Элементы дуализма обнаруживаются особенно явно в писаниях пророков Израиля. Затем они распространяются во всей так называемой апокрифической литературе, которая начиная со II в. до н. э. продолжала, на более высоком уровне, традицию пророчества. Таковы Псалмы Соломона, книга Еноха, книга юбилеев. Завещания двенадцати патриархов, IV книга Ездры, Успение Моисея, Апокалипсисы (Откровения), приписанные Баруху, Ездре и другим легендарным библейским персонажам. Конечно, {34} пришествие лучших времен связано в этой обширнейшей литературе на еврейском, арамейском, а иногда и на греческом языках с ожиданием некоего царя, мессии, который бы держал врагов Израиля под своим игом. Он представлялся человеком по самой своей сути: "сын человеческий" (Даниил, 7 : 13), предварявший мессианское призвание Иисуса. Но на уровне масс на эти политические и национальные мотивы, которые интересовали главным образом аристократию и властвовавшие в широком смысле слова круги, наслаивались также настоятельные социальные требования. Врагами были богатые, хозяева, а не только чужеземные поработители. Согласно Малахии (4 : 1), властители будут спалены огнем, как в печи, когда "взойдет солнце правды".

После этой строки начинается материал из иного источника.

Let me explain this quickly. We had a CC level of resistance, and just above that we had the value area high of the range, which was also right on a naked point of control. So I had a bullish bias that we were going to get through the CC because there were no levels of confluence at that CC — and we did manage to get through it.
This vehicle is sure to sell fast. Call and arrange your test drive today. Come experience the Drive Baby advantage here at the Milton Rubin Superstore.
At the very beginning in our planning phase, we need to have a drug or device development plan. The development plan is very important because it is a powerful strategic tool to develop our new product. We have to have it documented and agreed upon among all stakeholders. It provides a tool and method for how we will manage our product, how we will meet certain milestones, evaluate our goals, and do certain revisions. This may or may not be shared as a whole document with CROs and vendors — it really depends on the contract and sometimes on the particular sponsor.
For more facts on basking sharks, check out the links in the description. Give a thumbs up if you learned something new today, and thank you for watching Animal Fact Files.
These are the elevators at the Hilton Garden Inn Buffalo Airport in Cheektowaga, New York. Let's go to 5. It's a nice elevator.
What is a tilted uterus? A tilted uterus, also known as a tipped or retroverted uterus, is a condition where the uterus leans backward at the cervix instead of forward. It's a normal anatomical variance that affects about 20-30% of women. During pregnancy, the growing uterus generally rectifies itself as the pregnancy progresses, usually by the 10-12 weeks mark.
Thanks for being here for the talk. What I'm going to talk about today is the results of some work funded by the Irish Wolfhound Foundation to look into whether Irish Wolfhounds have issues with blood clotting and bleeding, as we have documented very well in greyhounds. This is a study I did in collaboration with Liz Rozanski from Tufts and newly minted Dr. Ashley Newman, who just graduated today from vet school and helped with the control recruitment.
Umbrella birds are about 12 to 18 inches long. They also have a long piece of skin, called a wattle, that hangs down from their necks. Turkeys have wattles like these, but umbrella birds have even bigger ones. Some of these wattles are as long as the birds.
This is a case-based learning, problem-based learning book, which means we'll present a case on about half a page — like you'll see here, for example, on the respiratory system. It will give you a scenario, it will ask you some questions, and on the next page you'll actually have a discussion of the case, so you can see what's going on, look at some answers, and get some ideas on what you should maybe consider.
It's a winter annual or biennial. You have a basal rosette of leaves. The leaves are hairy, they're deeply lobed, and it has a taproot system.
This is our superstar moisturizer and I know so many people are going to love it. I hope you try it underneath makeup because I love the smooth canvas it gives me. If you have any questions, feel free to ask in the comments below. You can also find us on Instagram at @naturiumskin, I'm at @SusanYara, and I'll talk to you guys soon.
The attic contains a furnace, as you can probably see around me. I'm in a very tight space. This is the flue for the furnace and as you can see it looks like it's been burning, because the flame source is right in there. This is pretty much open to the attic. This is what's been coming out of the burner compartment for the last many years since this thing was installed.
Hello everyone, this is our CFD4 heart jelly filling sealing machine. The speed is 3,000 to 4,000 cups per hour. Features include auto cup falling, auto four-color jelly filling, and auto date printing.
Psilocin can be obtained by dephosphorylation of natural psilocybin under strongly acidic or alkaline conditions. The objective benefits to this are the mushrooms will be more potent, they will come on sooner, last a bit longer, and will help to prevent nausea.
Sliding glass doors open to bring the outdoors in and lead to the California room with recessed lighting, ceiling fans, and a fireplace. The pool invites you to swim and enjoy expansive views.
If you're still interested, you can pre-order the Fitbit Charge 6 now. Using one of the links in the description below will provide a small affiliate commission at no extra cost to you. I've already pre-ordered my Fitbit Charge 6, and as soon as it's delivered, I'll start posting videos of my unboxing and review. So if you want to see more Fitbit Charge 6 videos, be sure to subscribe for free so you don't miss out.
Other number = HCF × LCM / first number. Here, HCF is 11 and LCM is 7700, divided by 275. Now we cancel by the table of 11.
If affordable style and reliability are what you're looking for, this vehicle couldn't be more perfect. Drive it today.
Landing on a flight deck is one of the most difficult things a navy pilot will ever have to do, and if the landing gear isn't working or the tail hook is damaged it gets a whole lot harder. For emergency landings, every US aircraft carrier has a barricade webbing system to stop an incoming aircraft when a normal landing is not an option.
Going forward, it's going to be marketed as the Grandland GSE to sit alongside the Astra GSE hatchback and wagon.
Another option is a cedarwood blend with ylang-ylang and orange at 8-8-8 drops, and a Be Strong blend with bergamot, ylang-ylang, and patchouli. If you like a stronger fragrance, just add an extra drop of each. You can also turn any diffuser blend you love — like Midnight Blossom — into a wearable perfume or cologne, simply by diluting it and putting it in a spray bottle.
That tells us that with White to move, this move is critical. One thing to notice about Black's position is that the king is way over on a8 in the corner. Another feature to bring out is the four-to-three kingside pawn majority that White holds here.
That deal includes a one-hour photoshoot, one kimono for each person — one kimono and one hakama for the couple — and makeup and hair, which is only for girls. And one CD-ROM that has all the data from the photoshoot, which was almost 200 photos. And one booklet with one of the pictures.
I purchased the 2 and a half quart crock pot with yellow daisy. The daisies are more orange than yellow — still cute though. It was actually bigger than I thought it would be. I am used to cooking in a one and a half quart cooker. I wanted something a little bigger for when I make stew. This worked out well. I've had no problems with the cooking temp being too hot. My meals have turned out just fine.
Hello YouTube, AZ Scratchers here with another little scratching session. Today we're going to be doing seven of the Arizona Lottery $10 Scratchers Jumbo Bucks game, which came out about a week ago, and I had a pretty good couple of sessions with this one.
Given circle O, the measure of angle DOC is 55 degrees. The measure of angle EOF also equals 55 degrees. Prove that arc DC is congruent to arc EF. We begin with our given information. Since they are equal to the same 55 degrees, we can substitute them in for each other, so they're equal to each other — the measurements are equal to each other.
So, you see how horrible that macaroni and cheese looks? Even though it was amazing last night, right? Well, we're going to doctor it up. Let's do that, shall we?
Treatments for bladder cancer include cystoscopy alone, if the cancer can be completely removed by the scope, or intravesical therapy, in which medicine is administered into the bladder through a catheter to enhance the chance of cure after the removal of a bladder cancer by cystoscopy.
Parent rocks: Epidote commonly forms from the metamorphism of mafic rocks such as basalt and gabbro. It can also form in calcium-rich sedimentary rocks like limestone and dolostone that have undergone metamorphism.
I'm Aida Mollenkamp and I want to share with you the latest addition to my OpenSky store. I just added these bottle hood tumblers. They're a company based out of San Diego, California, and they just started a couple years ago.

Мессия из племени Давида, создатель земного царства для униженных масс, отождествляется также с образом искупительной жертвы, он порабощен, как и они: "Сколь был обезображен паче всякого человека лик его" (Исайя, 52 : 14), точно раб, который был призван своей мукой искупить страдание всего народа, подобно богам эллинистических культов спасения. Согласно 130-му псалму Библии, "спасение" означало первоначально "освобождение с уплатой выкупа". Таков смысл еврейского термина "падах".